Altaf Hussain will never forget his 6-year-old daughter's first day of school on Dec. 16, 2014. Seven Taliban gunman attacked the Peshawar Army Public School in Pakistan’s unruly north, and killed the girl and 131 classmates. “Who knew that my daughter Khaula’s first-day at school will be her last day?" he lamented.
A year later, grief lingers over the loss of 141 people along with outrage over thePakistani government's failure to curb terrorist rampages that continue to plague the region.
Violence continues unabated along the Afghan-Pakistani border that Afghan and Pakistani Taliban fighters routinely cross, analysts say. Just this past Sunday, a bomb exploded in remote Parachinar, killing at least 23 people and wounding dozens more. Police arrested two Taliban suspects after the attack.

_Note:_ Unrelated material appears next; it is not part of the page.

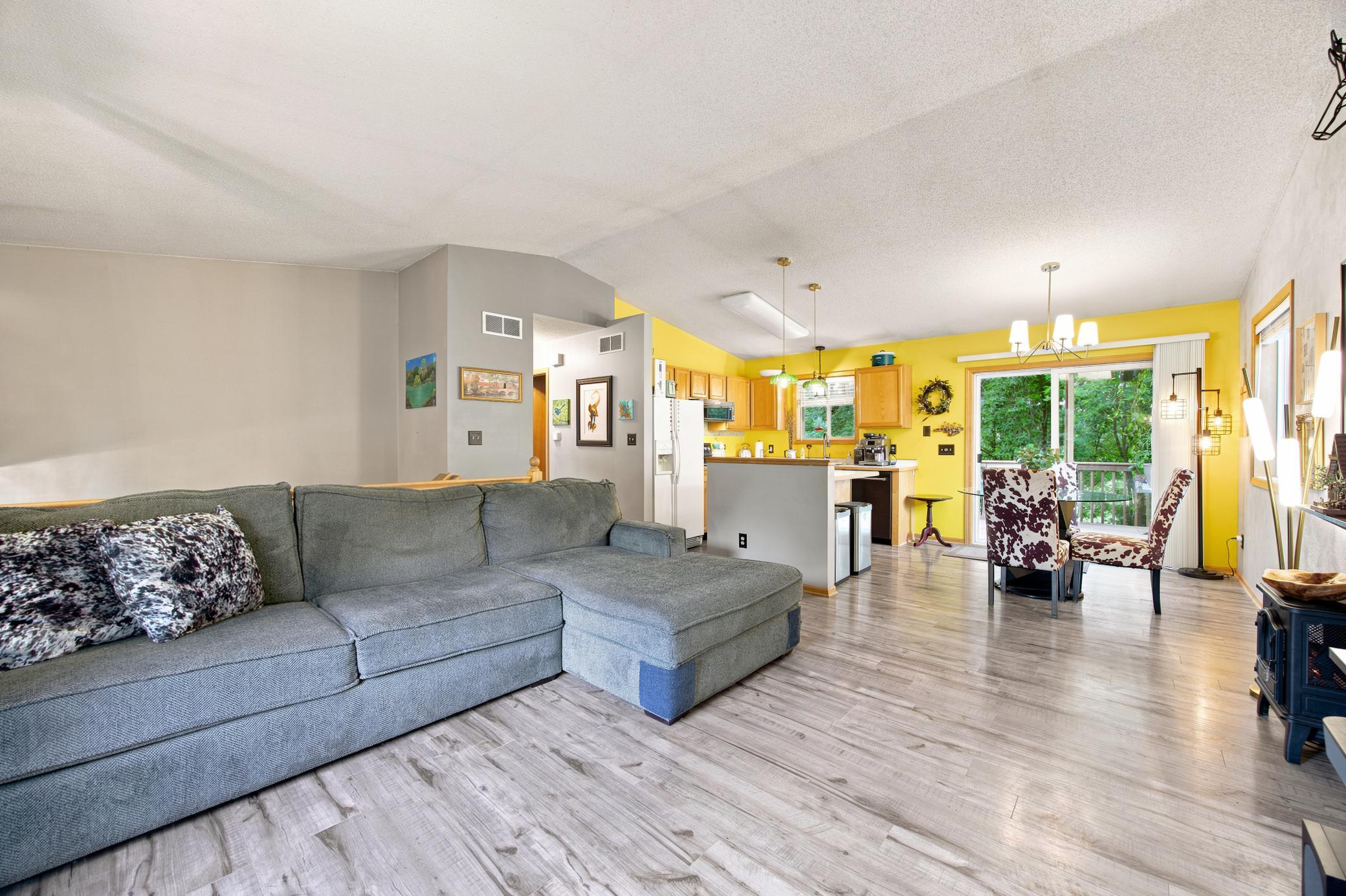 3814 Strathmore Lane SE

“Both Pakistani Taliban head Maulana Fazlullah and his leading commander, Omar Mansoor, are based in Afghanistan and are forever planning and executing new attacks,” said Rahimullah Yusufzai, a Peshawar-based expert on Afghan affairs. “The presence of the safe havens of the Pakistani militants in Afghanistan is an undeniable fact.”
After the school massacre, Prime Minister Nawaz Sharif swore to crack down on the Pakistani Taliban fighters who staged the attack with a raft of measures that included lifting a seven-year moratorium on the death penalty for terrorism.
This year, authorities have hanged more than 300 people on terror-related crimes and other offenses, according to Amnesty International. Last week, the government put to death four terrorists charged in connection with the school attack and on Wednesday it executed eight convicted murderers.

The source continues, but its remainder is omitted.